Task to carry out:
Reproduce all the records word for word. Omit images.

(Items from a data source)
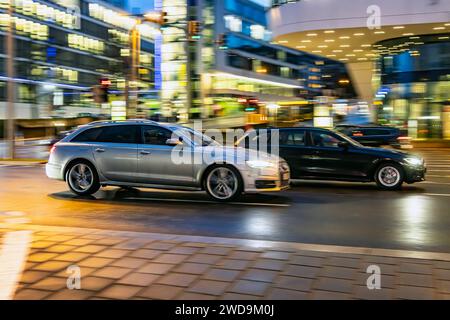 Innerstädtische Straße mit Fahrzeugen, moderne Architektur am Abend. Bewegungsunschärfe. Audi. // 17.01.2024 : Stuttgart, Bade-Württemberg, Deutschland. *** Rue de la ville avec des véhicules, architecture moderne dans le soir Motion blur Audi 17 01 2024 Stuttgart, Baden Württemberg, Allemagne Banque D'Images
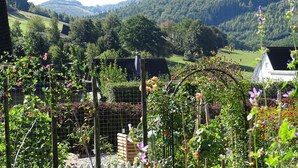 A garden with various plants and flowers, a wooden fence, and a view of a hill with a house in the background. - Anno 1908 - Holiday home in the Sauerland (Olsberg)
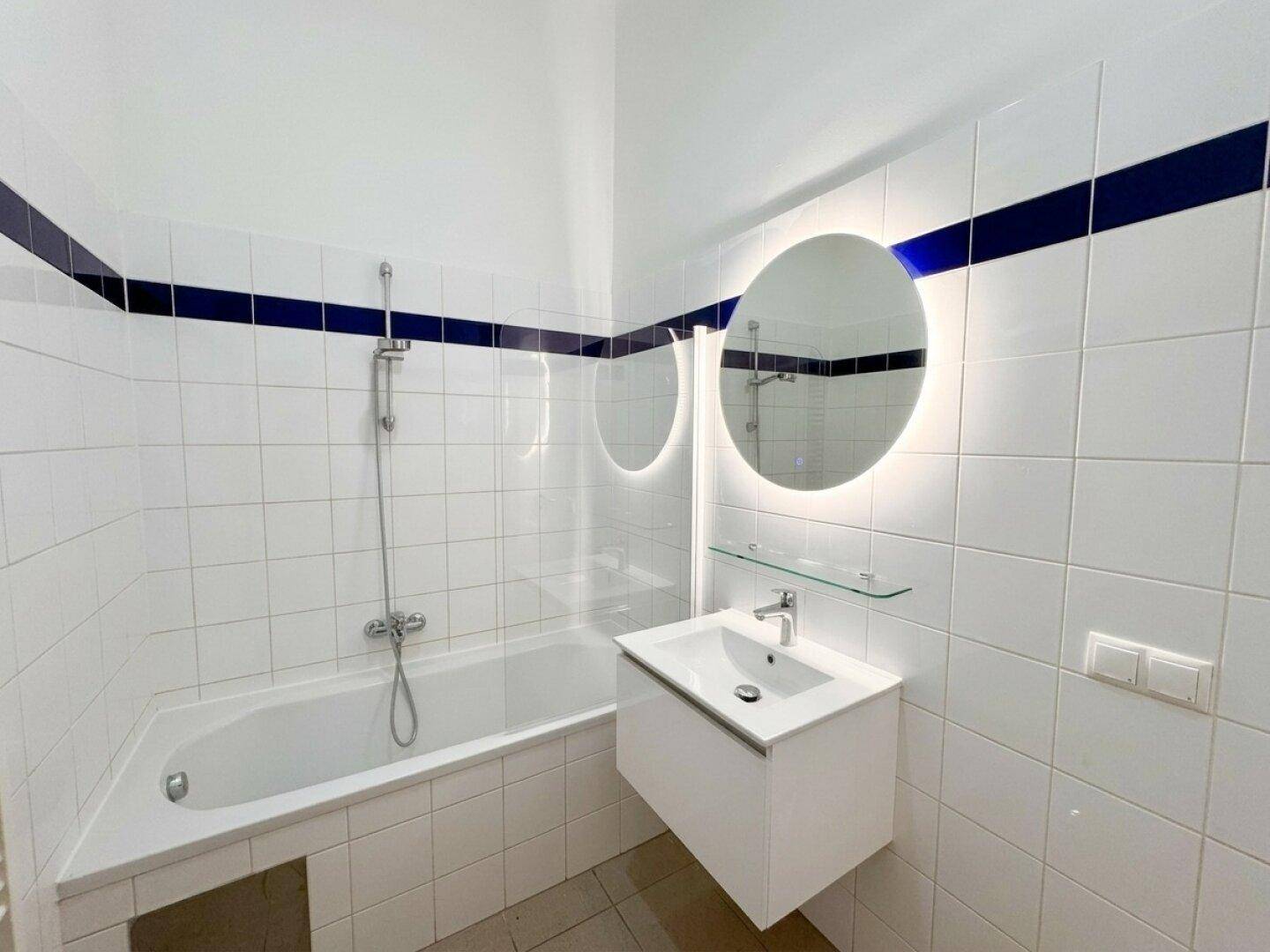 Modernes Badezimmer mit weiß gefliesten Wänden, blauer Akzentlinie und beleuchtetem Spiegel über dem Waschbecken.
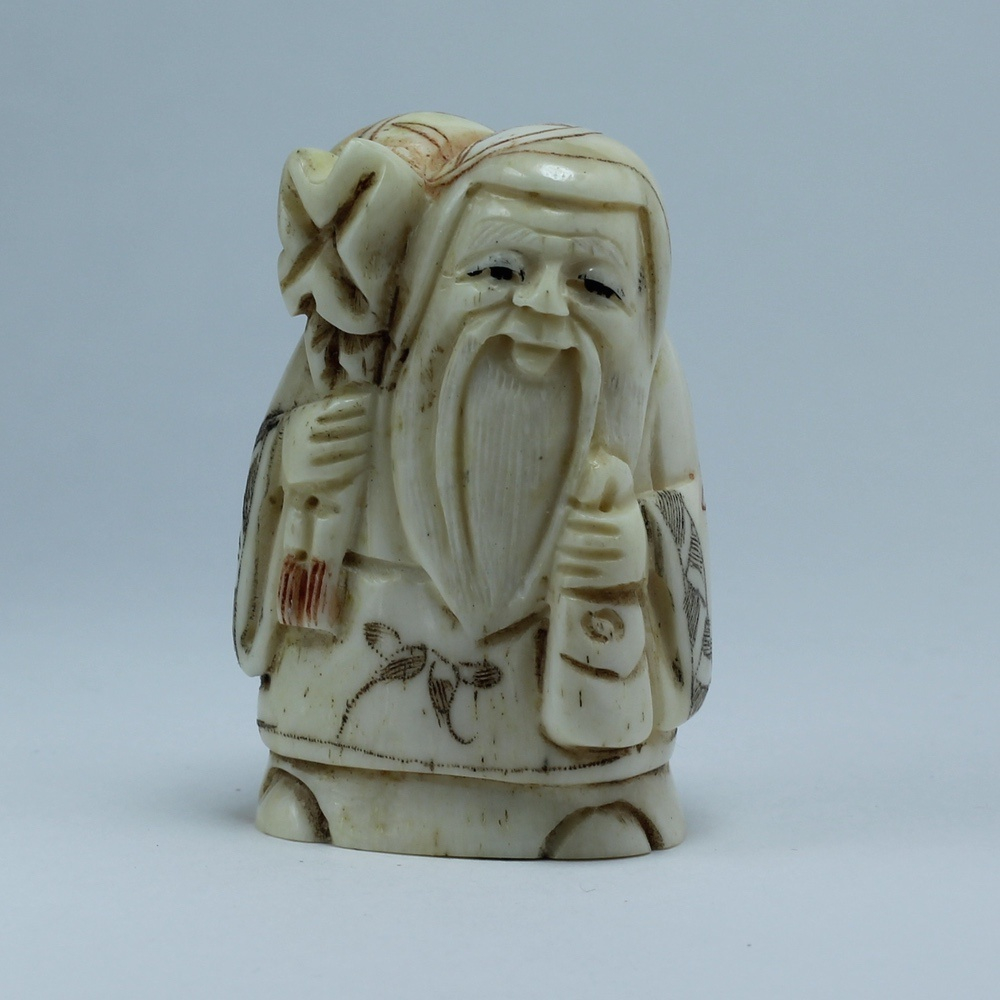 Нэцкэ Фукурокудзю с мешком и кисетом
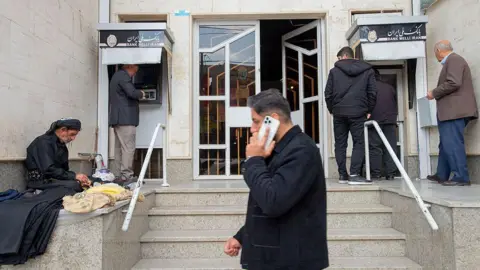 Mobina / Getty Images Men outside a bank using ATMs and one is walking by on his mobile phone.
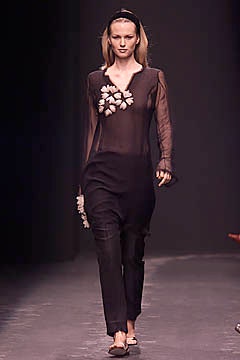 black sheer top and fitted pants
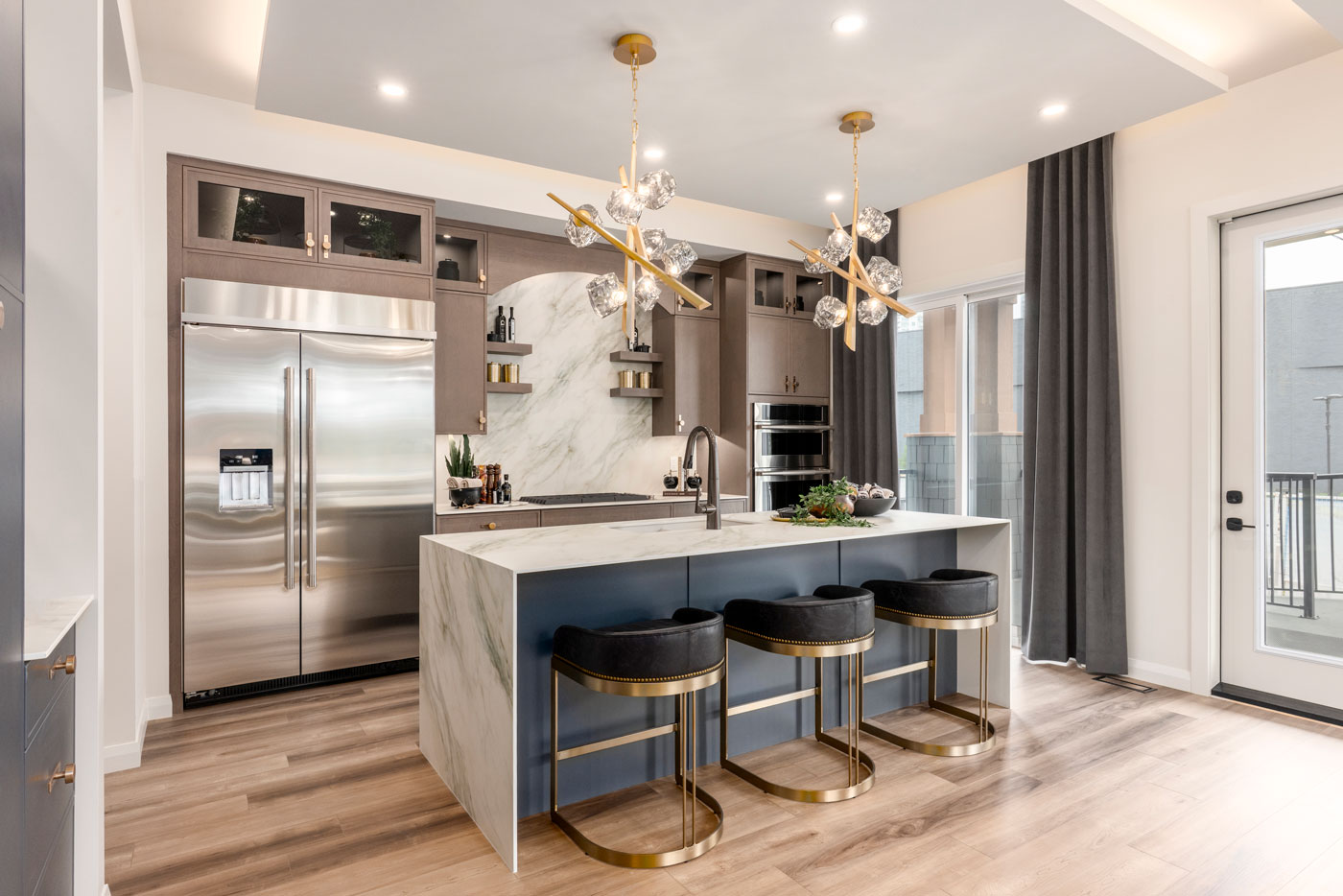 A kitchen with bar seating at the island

Answer area:
 Innerstädtische Straße mit Fahrzeugen, moderne Architektur am Abend. Bewegungsunschärfe. Audi. // 17.01.2024 : Stuttgart, Bade-Württemberg, Deutschland. *** Rue de la ville avec des véhicules, architecture moderne dans le soir Motion blur Audi 17 01 2024 Stuttgart, Baden Württemberg, Allemagne Banque D'Images
 A garden with various plants and flowers, a wooden fence, and a view of a hill with a house in the background. - Anno 1908 - Holiday home in the Sauerland (Olsberg)
 Modernes Badezimmer mit weiß gefliesten Wänden, blauer Akzentlinie und beleuchtetem Spiegel über dem Waschbecken.
 Нэцкэ Фукурокудзю с мешком и кисетом
 Mobina / Getty Images Men outside a bank using ATMs and one is walking by on his mobile phone.
 black sheer top and fitted pants
 A kitchen with bar seating at the island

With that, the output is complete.